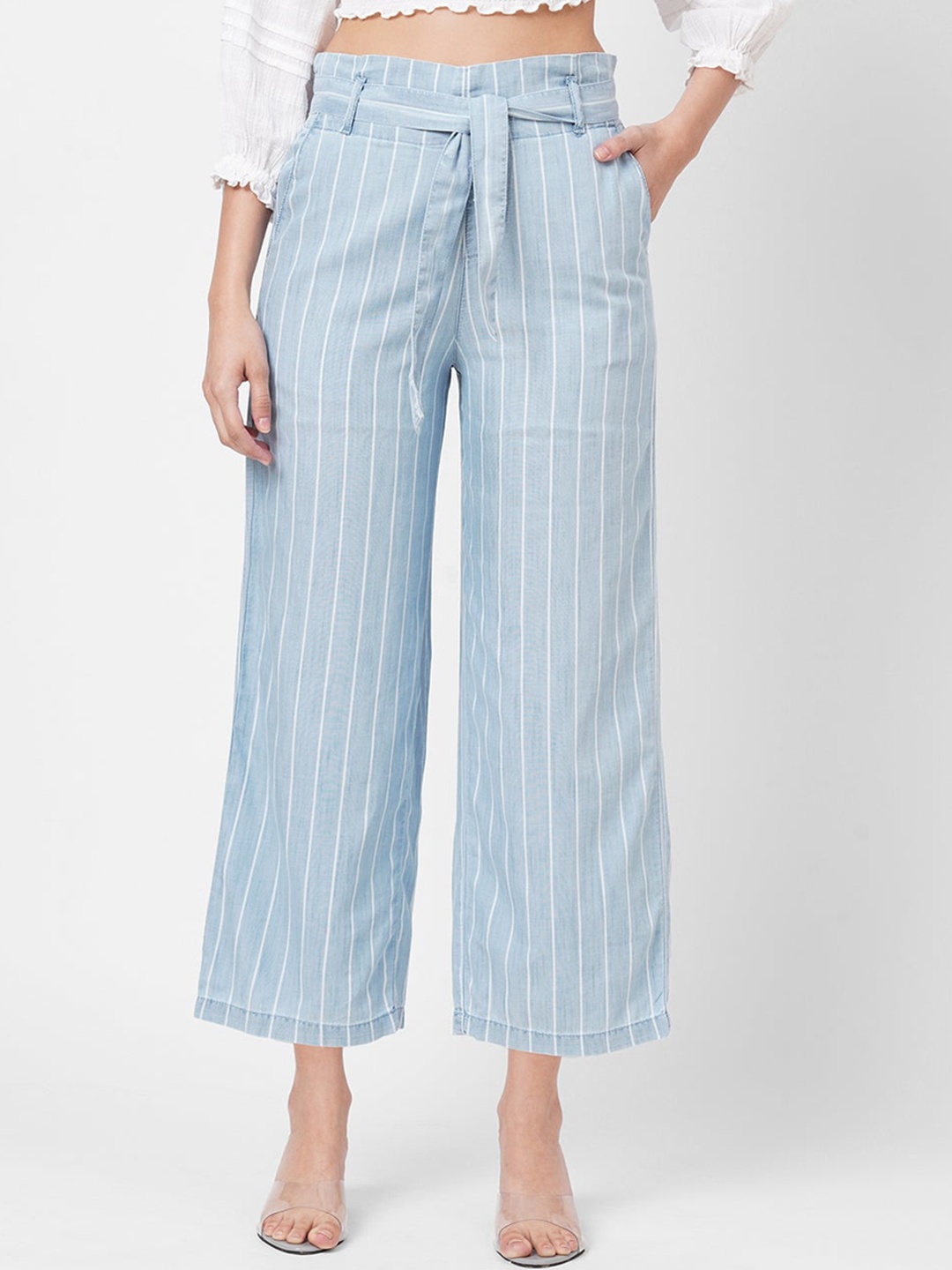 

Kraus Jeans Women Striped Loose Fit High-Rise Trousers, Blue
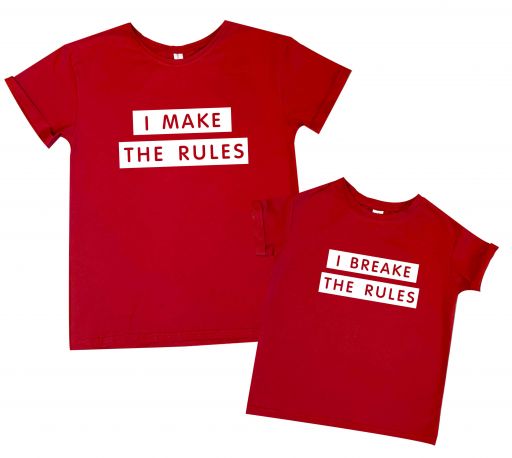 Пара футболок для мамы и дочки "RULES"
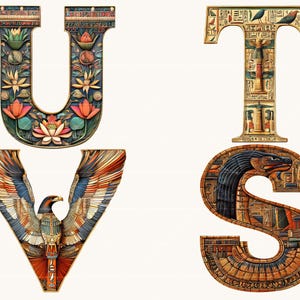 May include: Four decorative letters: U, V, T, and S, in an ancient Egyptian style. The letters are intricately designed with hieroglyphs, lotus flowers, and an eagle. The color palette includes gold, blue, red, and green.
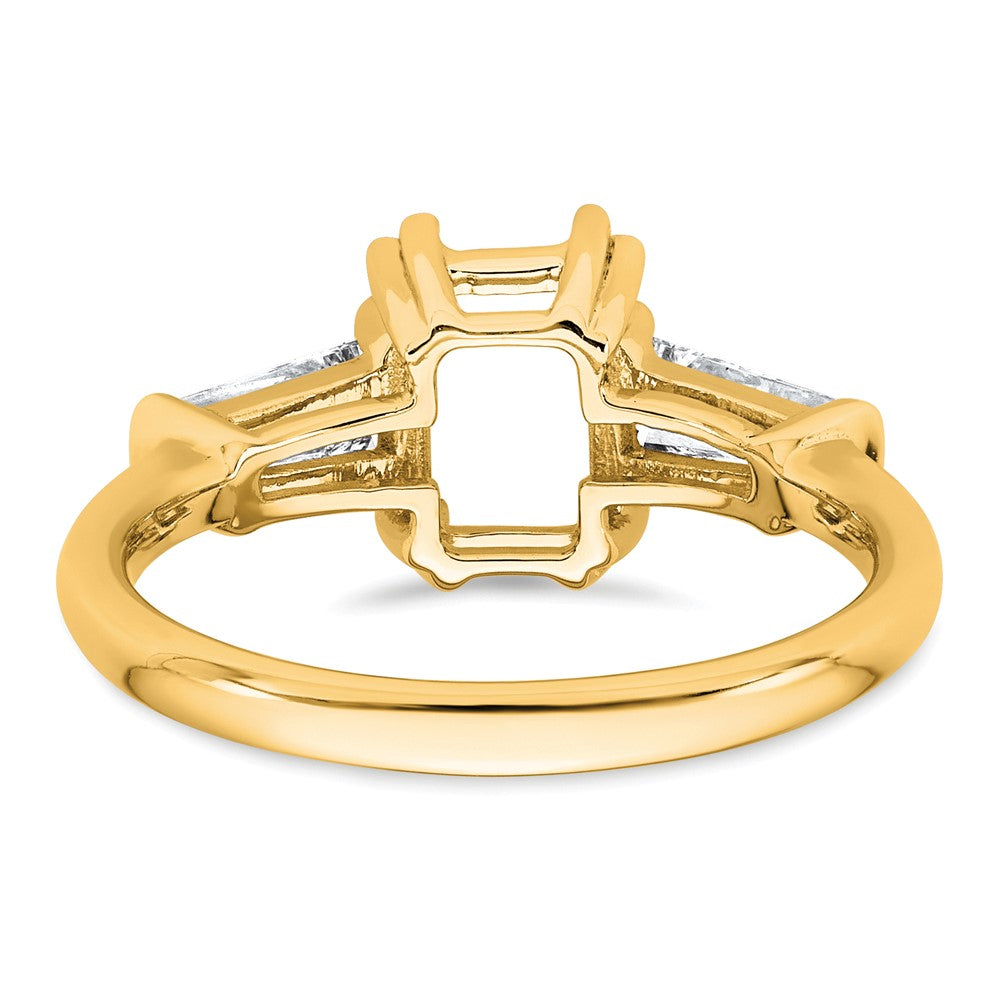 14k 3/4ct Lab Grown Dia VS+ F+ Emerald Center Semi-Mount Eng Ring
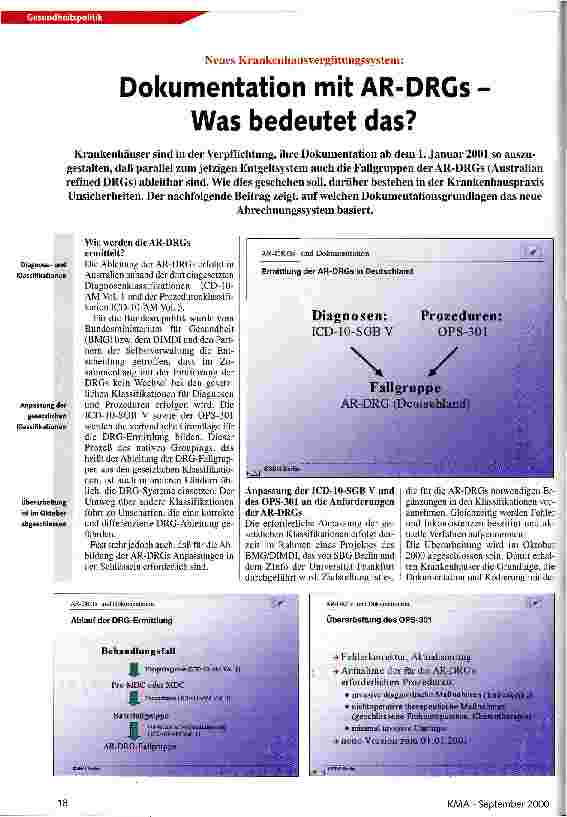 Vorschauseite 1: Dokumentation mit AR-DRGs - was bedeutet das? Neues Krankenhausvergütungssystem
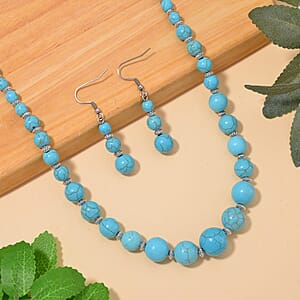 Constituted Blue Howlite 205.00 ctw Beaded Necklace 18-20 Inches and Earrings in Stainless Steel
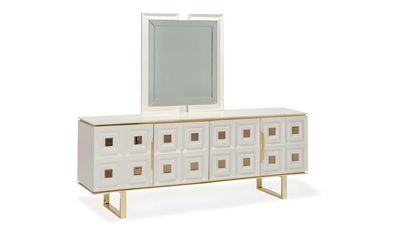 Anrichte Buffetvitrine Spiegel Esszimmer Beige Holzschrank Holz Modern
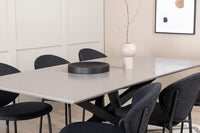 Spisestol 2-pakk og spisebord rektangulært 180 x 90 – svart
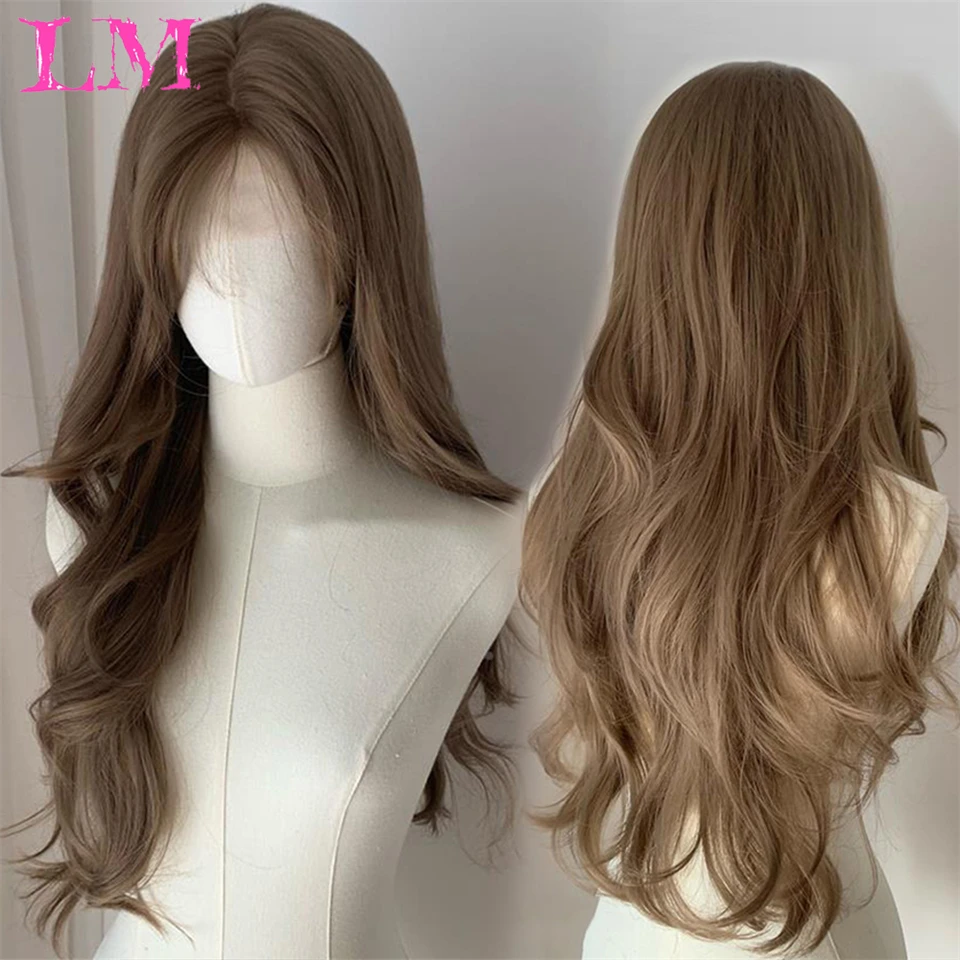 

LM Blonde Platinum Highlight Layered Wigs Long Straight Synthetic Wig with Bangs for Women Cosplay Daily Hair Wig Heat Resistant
----------
:: WHAT TO WORK ON ::
Leaving the pictures out, transcribe word for word the lines from the one with "Constituted Blue Howlite" to the end of the material above, inclusive, and nothing else.

:: FINAL ANSWER ::
 Constituted Blue Howlite 205.00 ctw Beaded Necklace 18-20 Inches and Earrings in Stainless Steel
 Anrichte Buffetvitrine Spiegel Esszimmer Beige Holzschrank Holz Modern
 Spisestol 2-pakk og spisebord rektangulært 180 x 90 – svart

LM Blonde Platinum Highlight Layered Wigs Long Straight Synthetic Wig with Bangs for Women Cosplay Daily Hair Wig Heat Resistant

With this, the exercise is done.